Data excerpt:

##########

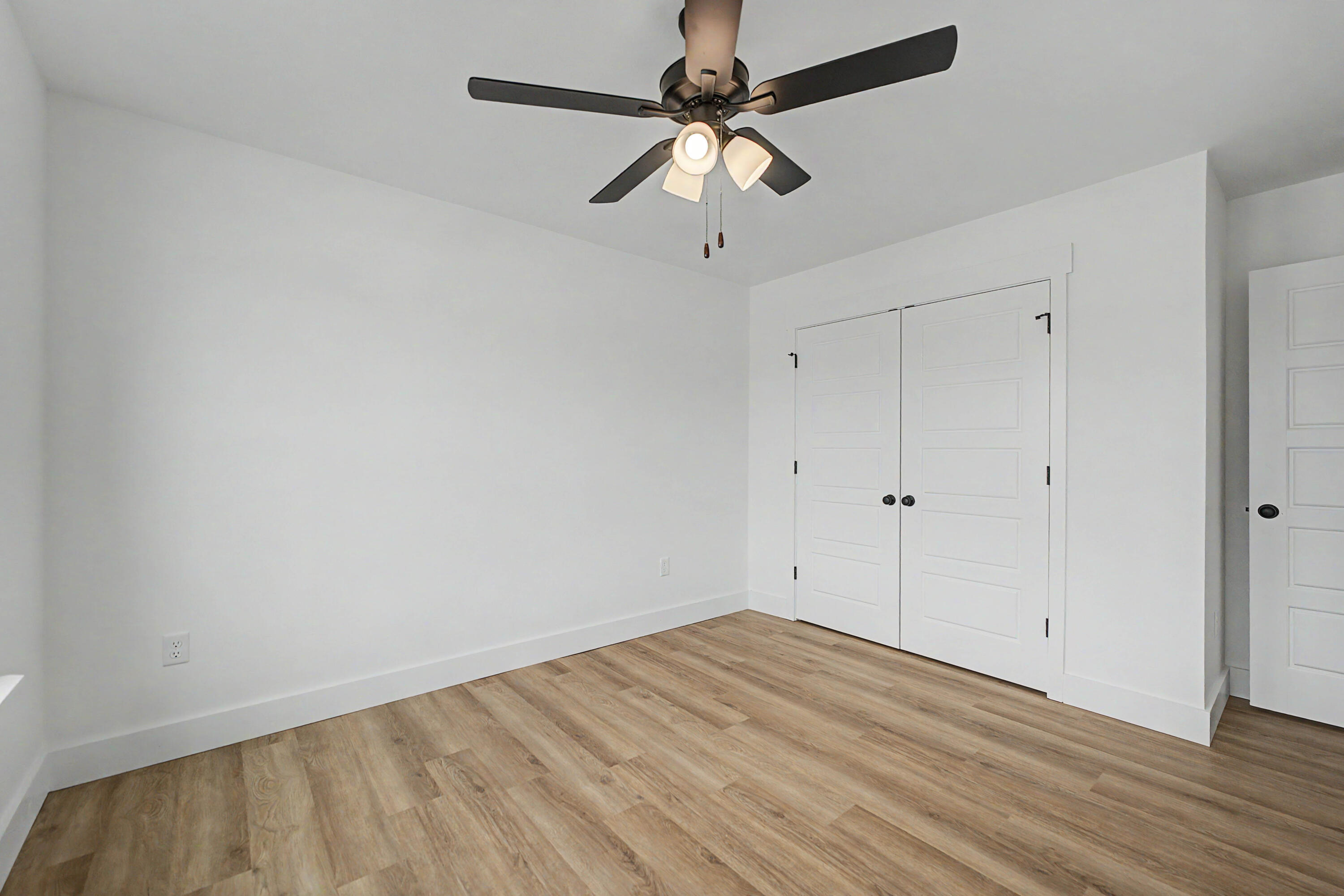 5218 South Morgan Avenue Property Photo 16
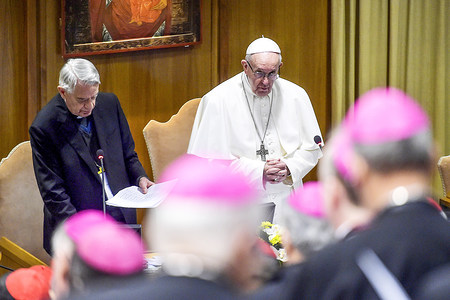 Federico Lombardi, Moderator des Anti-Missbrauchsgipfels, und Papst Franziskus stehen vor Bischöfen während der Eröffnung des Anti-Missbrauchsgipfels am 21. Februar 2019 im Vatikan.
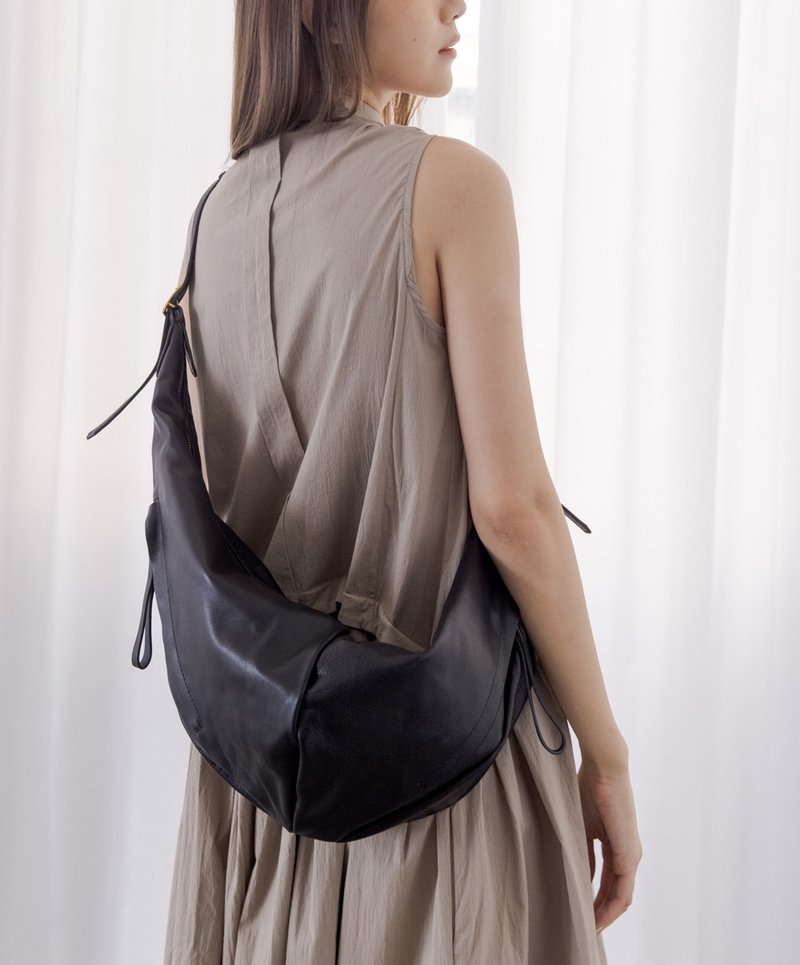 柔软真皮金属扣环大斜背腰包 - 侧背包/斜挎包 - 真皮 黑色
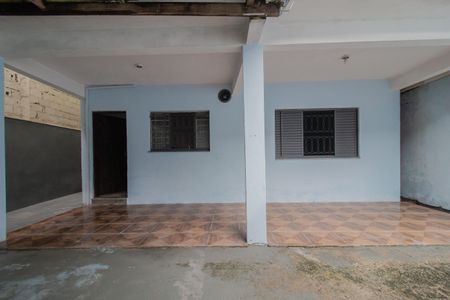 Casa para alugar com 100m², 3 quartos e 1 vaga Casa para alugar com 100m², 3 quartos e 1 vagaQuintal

##########

Produce an exact copy of the lines from the line containing "Federico Lombardi, Moderator" to the end of the material, both ends included, and omit every picture.

Your solution:
 Federico Lombardi, Moderator des Anti-Missbrauchsgipfels, und Papst Franziskus stehen vor Bischöfen während der Eröffnung des Anti-Missbrauchsgipfels am 21. Februar 2019 im Vatikan.
 柔软真皮金属扣环大斜背腰包 - 侧背包/斜挎包 - 真皮 黑色
 Casa para alugar com 100m², 3 quartos e 1 vaga Casa para alugar com 100m², 3 quartos e 1 vagaQuintal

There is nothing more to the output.